Volume 18 • Issue 52 | May 12 - 18, 2006

Maya Lin speaks on her Chinatown museum project

Famed architect Maya Lin said her design for the Museum of Chinese in the Americas new location will expose more of a century-old building in Chinatown while adding modern elements to the structure at 150 Lafayette St.

“We will be deliberately taking down certain parts of the building, exposing the old, but also slipping in a very modern skin as well,” Lin said in a Channel 13 interview with “New York Voices” that premieres Friday night. “We are going to be stripping it bare to the absolute, so you begin to see the old building itself, the old structure, which probably is 100 years old. On top of that, we will be exposing all the stonework in the basement as you come up in that courtyard – which again talks about the history, almost the bones of the architecture of the space.”

The museum will keep its 70 Mulberry St. location for a library and archive storage and will be moving into a space five times larger, at the site of a former industrial machine repair shop at Lafayette and Centre Sts.

Lin is most famous for designing the Vietnam War veterans memorial in Washington D.C. and also served on the jury that selected the design for the World Trade Center memorial.

She said the museum project is particularly meaningful to her as a Chinese American.

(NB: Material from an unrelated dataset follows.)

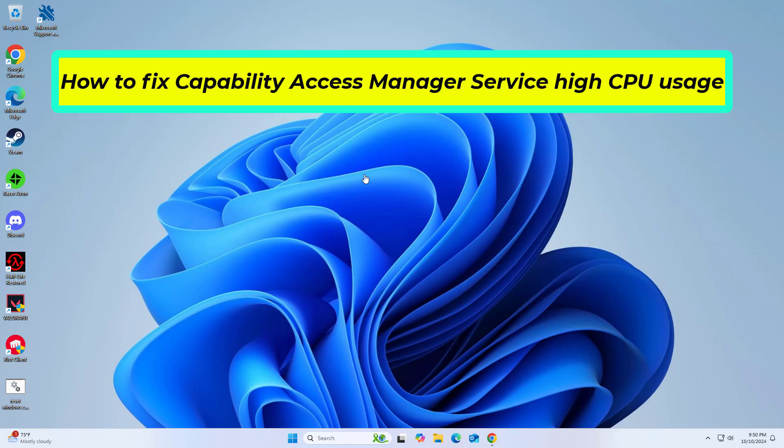How to fix Capability Access Manager Service high CPU usage. In this video I will show you few solutions to fix the problem.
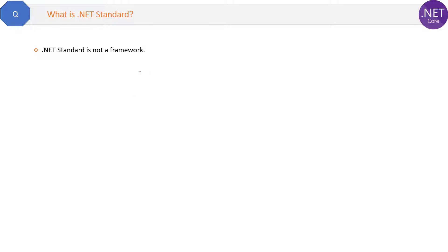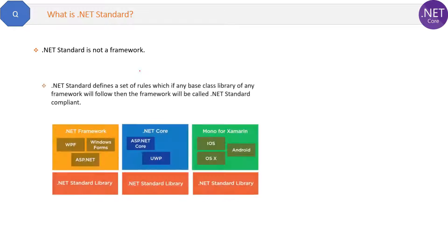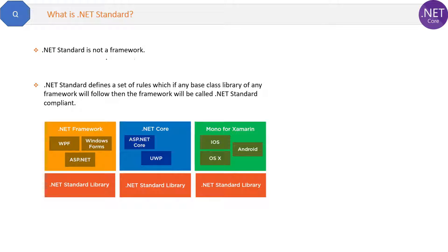What is .NET standard? First of all, .NET standard is not a framework. Many think that it's a framework, which it is not. .NET standard defines a set of rules which, if any base class library of any framework will follow, then the framework will be called .NET standard compliant.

“Americans in general as well as Chinese Americans really [need to] realize how long the legacy of Chinese Americans has been in this country,” Lin said. “And, how they have literally been in some respects, one can say, the slaves of the West — building the railroads…The amount of pain and really horrible racism that they went through. I think just people being aware that we have been here and really contributed and can be as American as anyone else.”

The show will air Fri., May 12 at 9 p.m. and Sat. May 13 at 1:30 p.m. It

will also include a segment on the late Jane Jacobs in which her editor, Jim Epstein, takes a walk along Broome St. and discusses what the street would have looked like had Jacobs not been able to block the proposed Lower Manhattan Expressway.